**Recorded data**
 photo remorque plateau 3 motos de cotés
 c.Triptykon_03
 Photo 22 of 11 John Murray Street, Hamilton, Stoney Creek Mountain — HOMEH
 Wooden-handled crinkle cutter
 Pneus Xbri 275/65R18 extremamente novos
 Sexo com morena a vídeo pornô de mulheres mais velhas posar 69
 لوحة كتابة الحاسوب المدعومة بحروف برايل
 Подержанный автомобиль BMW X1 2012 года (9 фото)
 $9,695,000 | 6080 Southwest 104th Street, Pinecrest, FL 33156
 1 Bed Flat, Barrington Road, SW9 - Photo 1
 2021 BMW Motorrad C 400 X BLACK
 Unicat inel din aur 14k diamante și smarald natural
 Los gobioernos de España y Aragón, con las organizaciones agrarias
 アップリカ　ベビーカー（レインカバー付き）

**WORK REQUEST**
When the line containing "لوحة كتابة الحاسوب المدعومة بحروف برايل" is reached, include it and stop. Until then, output each line of the entries exactly as given, starting from the first.

**WRITTEN REPLY**
 photo remorque plateau 3 motos de cotés
 c.Triptykon_03
 Photo 22 of 11 John Murray Street, Hamilton, Stoney Creek Mountain — HOMEH
 Wooden-handled crinkle cutter
 Pneus Xbri 275/65R18 extremamente novos
 Sexo com morena a vídeo pornô de mulheres mais velhas posar 69
 لوحة كتابة الحاسوب المدعومة بحروف برايل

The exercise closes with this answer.